Cheers Stravinsky, Good Summary


----------



## djfwells

Stravinsky, I agree - I prefer Valencia, however I believe Alicante a better choice for somebody who can't or won't or doesn't wish to learn Spanish.


----------



## stormchaser

I DO VOTE FOR VALNACIA  they fix the best paella lol


----------



## UKMarbella2009

djfwells said:


> Stravinsky, I agree - I prefer Valencia, however I believe Alicante a better choice for somebody who can't or won't or doesn't wish to learn Spanish.



Not quite as simple as that - I've had lessons and spent a lot of money on them

But I can only speak basic phrases.


This is completely useless to build a lifestyle and social network - Hence wanting to find english speaking communities.


----------



## Stravinsky

djfwells said:


> Stravinsky, I agree - I prefer Valencia, however I believe Alicante a better choice for somebody who can't or won't or doesn't wish to learn Spanish.


Well if you're comparing cities maybe you're right, although the City of Valencia is of course a wonderful place. But as I mentioned, you can get a train to anywhere down the coast to Gandia. I know people who cant speak a word of Spanish and get by fine, the major problem I guess sometimes being at the doctors. However there are english speakers available to help.

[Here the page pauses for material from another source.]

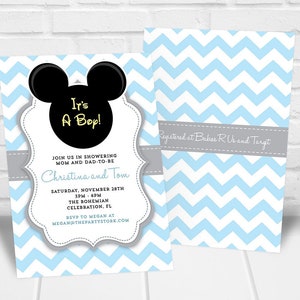 Baby Mickey Baby Shower Invitation Boys Printable Baby Shower Invitations, Baby Blue, Mickey Mouse theme, Mickey Baby Shower Invite Digital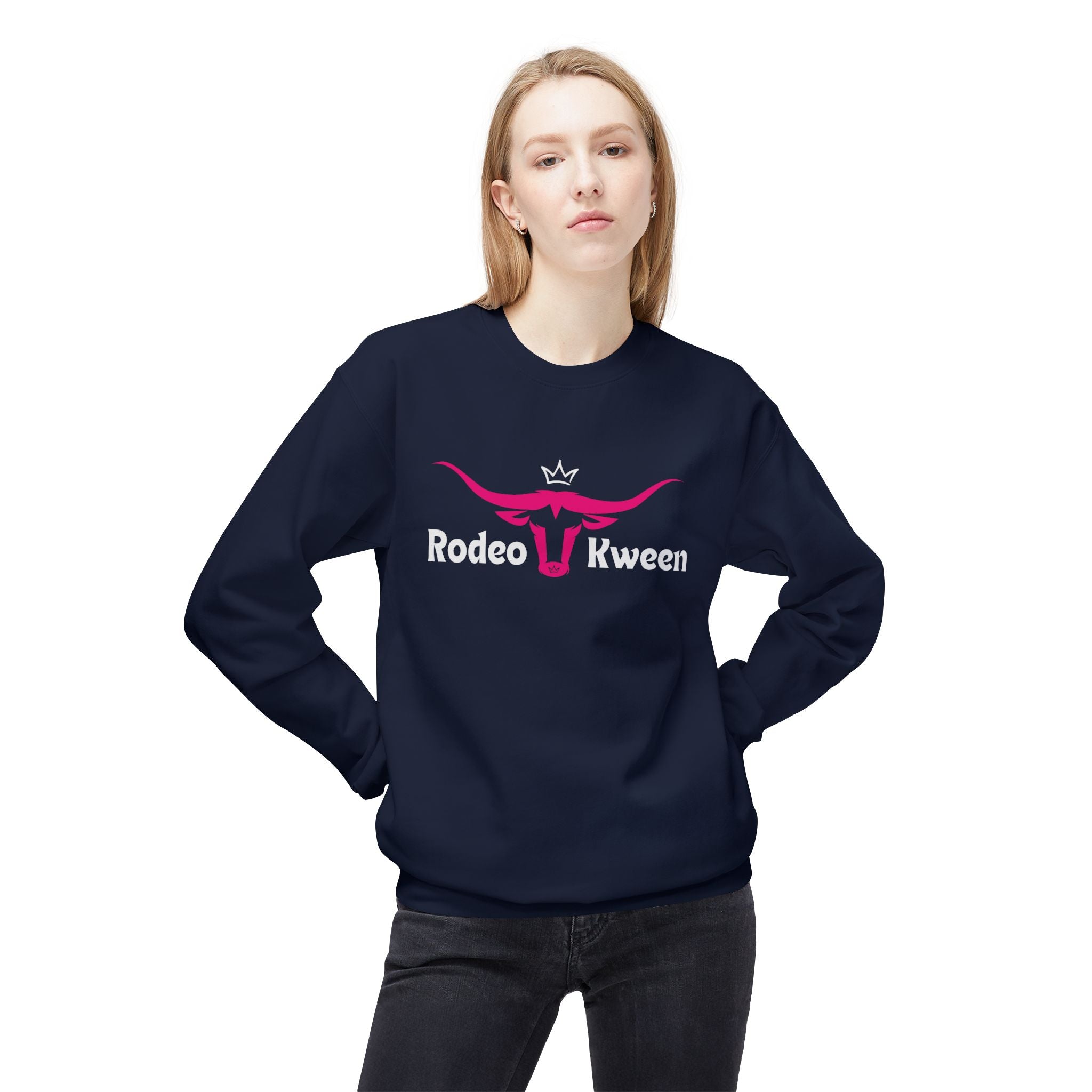 Rodeo Kween Crewneck Sweatshirt — Pink Longhorn Logo Western Cowgirl Pullover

Go to Javea and you can get by with no Spanish 

If it were me I'd have to go to the middle ground. I couldnt face living in Alicante City with all the summer tourism ... whereas some of the beaches around here are not that busy in the summer.


----------



## UKMarbella2009

Stravinsky said:


> Well if you're comparing cities maybe you're right, although the City of Valencia is of course a wonderful place. But as I mentioned, you can get a train to anywhere down the coast to Gandia. I know people who cant speak a word of Spanish and get by fine, the major problem I guess sometimes being at the doctors. However there are english speakers available to help.
> 
> Go to Javea and you can get by with no Spanish
> 
> If it were me I'd have to go to the middle ground. I couldnt face living in Alicante City with all the summer tourism ... whereas some of the beaches around here are not that busy in the summer.

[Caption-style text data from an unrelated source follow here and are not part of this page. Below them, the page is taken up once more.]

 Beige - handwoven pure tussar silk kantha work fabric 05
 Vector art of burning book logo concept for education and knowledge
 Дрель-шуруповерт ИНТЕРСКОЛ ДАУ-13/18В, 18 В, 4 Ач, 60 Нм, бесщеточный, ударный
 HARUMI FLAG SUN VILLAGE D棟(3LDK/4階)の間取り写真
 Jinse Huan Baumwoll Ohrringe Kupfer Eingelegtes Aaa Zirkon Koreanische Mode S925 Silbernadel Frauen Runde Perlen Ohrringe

Cheers, some good feedback theres - Sound's like the middle ground could be a winner if speaking english is not a problem. There are a few to choose from in that area, but being two hours ferry from Ibiza, seems like a good option for the summer.


----------



## Stravinsky

UKMarbella2009 said:


> Cheers, some good feedback theres - Sound's like the middle ground could be a winner if speaking english is not a problem. There are a few to choose from in that area, but being two hours ferry from Ibiza, seems like a good option for the summer.


Yes, but you would be surprised how much that ferry costs to Ibiza!


----------



## chamunt

Valencia city or surrounding area is a brilliant place to live. I haven't spent much time in malaga, but I would def choose Valencia.

Are there as many english speaking expats ? Some, but depends where. 
Can you get by with English and pigeon Spanish ? Yes, and people are helpful so you learn fast.
Are there decent beaches etc. ? Yes
Is there a good social environment ? Fantastic
Is there a decent (english speaking) work environment ? Mainly in teaching 
Is accesibility any good e.g. flights/trains ?Yes it's very well conected


----------